Edit: Also compare to the staff listed in this deleted freenode blog linked by @gwd below.

https://web.archive.org/web/20210423231439/https://freenode....

Edit 2: Who is OFTC and how do they fit in?

em-bee · 5 years ago
OFTC was founded by people who didn't like how freeenode was run. but that was quite some time ago. i don't remember the details but there were some issues very early on, and the people responsible for those issues left long ago.
johnmaguire · 5 years ago
OFTC is another IRC network - irc.oftc.net
rasengan · 5 years ago
OFTC is a competing IRC network run by tomaw who also is staging a hostile takeover of freenode as we speak.
Aeolun · 5 years ago
That doesn’t necessarily make it false, it just means the rabbit hole is even deeper.
ineedasername · 5 years ago
Not "false". A draft. It might never get published and the person may never resign, but it's not false.
oceliker · 5 years ago
They say "false", not "fake", unless it's been edited in the past 6 minutes.
MeatBro · 5 years ago
Rant: Freenode advertises a specific religion on CTC message of the day, definitely hate that.
Havoc · 5 years ago
Ouch. This type of thing is a self-fullfilling prophecy in a way
FDSGSG · 5 years ago
Fake logs, you can't have newlines in IRC messages!
phoe-krk · 5 years ago
Install irssi! Newlines magically appear on their own, and it's really nice to not need to scroll left/right to read long messages.
Ndymium · 5 years ago
Sure you can, CTCP supports sending multiline messages. I even wrote support for them in an IRC lib I made once upon a time. No other client that I know of supports them, though.
moepstar · 5 years ago
This is why we can't have nice things.

IRC is a constant drama, all the way back to The Great Split[0]

Been involved with IRC a good 25 years, running a pretty popular blog about it "back in the days", i just couldn't be bothered keeping it up and updated because of all the constant fighting, arguing, bickering and people outright attacking each other all the damn time.

I'm not entirely sure what it is, but something about IRC gives people big egos, omnipotence fantasies which, again, leads to drama - i, myself, just concluded it wasn't worth my time anymore and moved on.
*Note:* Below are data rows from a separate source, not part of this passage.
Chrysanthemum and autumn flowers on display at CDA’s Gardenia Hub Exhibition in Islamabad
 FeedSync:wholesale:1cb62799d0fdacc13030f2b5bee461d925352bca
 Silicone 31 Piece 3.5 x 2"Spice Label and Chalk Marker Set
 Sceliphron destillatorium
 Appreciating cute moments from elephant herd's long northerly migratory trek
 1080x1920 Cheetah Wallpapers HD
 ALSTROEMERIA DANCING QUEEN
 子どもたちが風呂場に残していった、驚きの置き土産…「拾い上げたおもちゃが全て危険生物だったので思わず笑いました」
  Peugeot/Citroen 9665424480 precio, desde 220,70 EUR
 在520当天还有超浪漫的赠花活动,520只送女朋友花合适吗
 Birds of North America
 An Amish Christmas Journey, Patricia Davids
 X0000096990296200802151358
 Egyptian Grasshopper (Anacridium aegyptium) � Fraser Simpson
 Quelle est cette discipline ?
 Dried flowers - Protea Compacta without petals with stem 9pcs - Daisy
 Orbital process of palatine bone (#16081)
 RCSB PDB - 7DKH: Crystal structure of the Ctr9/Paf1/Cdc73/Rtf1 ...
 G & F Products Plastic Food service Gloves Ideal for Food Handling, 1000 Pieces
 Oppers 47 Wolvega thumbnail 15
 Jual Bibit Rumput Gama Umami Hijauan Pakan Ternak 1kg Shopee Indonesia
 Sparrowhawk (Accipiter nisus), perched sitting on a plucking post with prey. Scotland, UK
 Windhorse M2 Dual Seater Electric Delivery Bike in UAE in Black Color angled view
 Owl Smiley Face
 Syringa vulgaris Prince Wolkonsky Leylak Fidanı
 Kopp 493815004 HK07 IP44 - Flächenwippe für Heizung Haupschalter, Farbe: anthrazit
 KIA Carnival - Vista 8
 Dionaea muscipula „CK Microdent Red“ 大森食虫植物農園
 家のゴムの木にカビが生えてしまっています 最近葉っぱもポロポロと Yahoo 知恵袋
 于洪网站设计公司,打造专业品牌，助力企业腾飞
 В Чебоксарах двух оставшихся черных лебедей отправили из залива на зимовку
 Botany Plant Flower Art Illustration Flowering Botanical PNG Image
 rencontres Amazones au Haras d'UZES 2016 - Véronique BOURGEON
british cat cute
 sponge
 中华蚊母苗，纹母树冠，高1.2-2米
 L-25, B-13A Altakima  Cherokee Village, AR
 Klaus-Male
Mind you, this comes from someone who met his (former) wife on IRC, made great friendships with people all over the world - something i'm still grateful for to this very day.

But it wasn't made to last, sadly.

[0] http://www.irc.org/history_docs/TheGreatSplit.html

speeder · 5 years ago
Irc is banned on Brazillian servers, most ISPs will insta-cancel your contract if they detect you are running a IRC server.

Reason for that is that Irc drama attracts brazillian hackers and script kiddies like flies, having an irc server is like having a huge DDoS magnet, having a irc server is an excellent way to make a whole ISP crumble under attack.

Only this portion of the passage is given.